Я не остался слушать рассказ отца, потому что я был вместе с ним после мессы, когда мы встретились с г-ном Легранденом; вместо этого я спустился в кухню узнать меню обеда, которое каждый день занимало меня, как газетные новости, и наполняло возбуждением, как программа предстоящего празднества. Так как Легранден прошел мимо нас, выйдя из церкви рядом с одной соседней помещицей, с которой мы не были знакомы, то отец, не останавливаясь, поклонился ему дружески, но сдержанно; г-н Легранден едва ответил ему с удивленным видом, как если бы он не узнавал нас, и с тем особенным выражением во взгляде, которое свойственно лицам, не желающим быть любезными и смотрящим на вас сощуренными глазами так, точно вы находитесь на самом конце бесконечно длинной дороги и на таком большом расстоянии от них, что они ограничиваются по отношению к вам еле заметным кивком головы в соответствии с вашими кукольными размерами.
Дама, сопровождавшая Леграндена, была особа добродетельная и уважаемая; не могло быть и речи о том, что он занимается волокитством и недоволен, что его застали за этим делом; поэтому мой отец недоумевал, чем он мог вызвать недовольство Леграндена.
— Я с тем большим сожалением узнал бы о его обиде на нас, — сказал отец, — что среди этой разодетой по-праздничному толпы он, в своем коротком пиджачке, в своем мягком галстуке, имеет вид подлинно непринужденный, подлинно простой; своей наивно-беспечной внешностью он производит очень симпатичное впечатление.
Но семейный совет вынес единогласное решение, что отцу все это почудилось или что Легранден в тот момент был поглощен какой-нибудь мыслью. К тому же опасения моего отца были рассеяны на другой же день. Возвращаясь с дальней прогулки, мы заметили подле Старого моста Леграндена, который, по случаю праздников, остался на несколько дней в Комбре.

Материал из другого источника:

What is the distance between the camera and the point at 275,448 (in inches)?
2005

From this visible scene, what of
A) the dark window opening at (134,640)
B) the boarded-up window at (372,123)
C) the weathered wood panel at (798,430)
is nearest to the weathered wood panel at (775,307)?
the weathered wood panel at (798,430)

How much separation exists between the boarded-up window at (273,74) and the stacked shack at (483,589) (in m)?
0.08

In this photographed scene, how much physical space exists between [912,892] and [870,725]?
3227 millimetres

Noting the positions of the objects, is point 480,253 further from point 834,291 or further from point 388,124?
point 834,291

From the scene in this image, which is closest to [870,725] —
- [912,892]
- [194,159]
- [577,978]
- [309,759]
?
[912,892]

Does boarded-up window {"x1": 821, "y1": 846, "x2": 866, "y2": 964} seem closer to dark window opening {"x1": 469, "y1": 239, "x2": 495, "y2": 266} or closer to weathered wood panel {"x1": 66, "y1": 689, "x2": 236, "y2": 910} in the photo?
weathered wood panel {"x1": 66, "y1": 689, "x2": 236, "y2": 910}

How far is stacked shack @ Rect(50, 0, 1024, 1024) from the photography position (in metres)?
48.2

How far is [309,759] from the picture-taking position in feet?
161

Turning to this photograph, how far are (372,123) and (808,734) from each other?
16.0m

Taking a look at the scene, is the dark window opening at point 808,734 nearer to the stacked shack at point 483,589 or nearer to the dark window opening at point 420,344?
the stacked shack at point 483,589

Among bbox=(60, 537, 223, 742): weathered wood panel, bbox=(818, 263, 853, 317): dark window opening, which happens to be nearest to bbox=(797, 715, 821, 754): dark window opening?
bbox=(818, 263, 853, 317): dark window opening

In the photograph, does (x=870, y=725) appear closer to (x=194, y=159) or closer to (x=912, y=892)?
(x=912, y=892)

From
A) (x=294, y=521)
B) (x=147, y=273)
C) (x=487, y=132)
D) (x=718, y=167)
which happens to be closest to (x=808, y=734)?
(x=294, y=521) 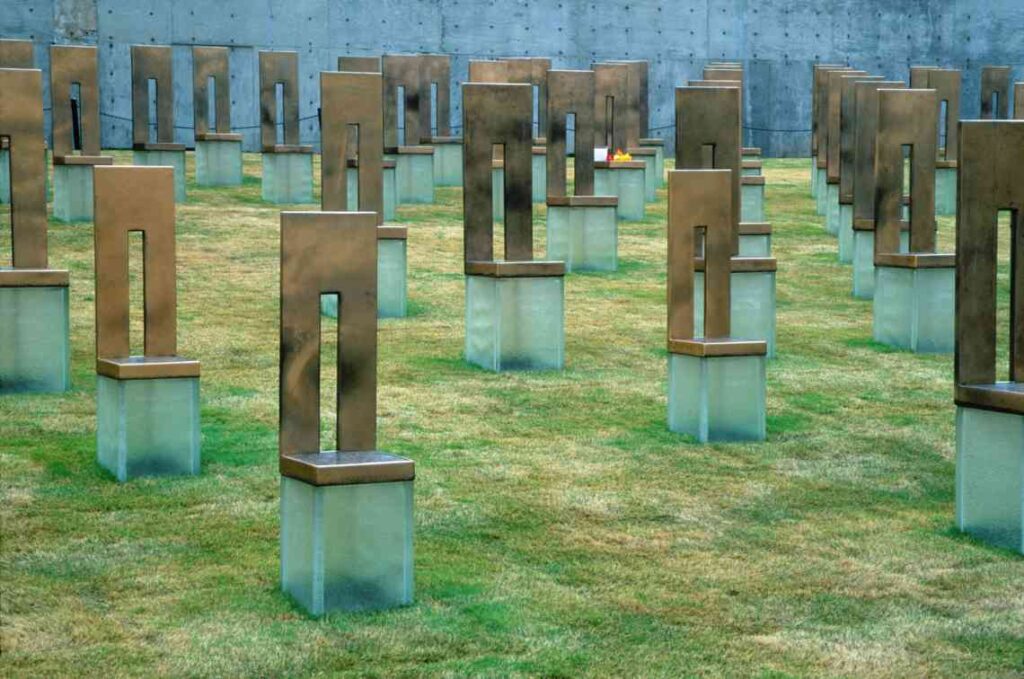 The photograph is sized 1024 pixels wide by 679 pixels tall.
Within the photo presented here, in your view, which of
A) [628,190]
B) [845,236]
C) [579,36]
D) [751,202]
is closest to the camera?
[845,236]

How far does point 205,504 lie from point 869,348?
5.86 metres

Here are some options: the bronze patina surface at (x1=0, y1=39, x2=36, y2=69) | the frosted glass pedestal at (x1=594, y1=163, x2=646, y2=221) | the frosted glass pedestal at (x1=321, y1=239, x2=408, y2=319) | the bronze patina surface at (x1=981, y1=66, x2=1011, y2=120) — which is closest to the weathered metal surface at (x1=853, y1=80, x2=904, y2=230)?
the frosted glass pedestal at (x1=321, y1=239, x2=408, y2=319)

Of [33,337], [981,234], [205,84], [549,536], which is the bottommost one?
[549,536]

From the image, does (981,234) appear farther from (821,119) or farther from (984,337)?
(821,119)

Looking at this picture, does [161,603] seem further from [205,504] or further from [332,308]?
[332,308]

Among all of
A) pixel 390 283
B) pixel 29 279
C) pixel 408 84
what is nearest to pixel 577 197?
pixel 390 283

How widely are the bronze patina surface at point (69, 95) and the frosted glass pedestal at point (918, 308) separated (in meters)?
7.15

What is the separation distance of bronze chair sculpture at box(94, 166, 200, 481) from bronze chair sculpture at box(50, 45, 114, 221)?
7.25m

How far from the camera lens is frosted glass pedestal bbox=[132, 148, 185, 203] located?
55.4 ft

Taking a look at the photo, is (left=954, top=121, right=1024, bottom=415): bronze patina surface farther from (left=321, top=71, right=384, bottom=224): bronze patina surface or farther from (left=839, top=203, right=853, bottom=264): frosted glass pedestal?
(left=839, top=203, right=853, bottom=264): frosted glass pedestal

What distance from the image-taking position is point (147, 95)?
1720 cm

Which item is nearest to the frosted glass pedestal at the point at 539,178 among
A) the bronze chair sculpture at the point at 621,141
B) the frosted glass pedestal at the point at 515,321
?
the bronze chair sculpture at the point at 621,141

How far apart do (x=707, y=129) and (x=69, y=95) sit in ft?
22.3

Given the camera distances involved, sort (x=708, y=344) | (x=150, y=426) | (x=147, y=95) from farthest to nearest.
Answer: (x=147, y=95) < (x=708, y=344) < (x=150, y=426)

Он подошел к нам с протянутой рукой: «Знаете ли вы, любитель чтения, — обратился он ко мне, — этот стих Поля Дежардена: [28]
Леса уже черны, но небо голубое?Не правда ли, как тонко это передает час, подобный настоящему? Может быть, вы никогда не читали Поля Дежардена. Читайте его, дитя мое; в настоящее время он обратился, говорят, в проповедника, но долгое время он был таким чудесным акварелистом…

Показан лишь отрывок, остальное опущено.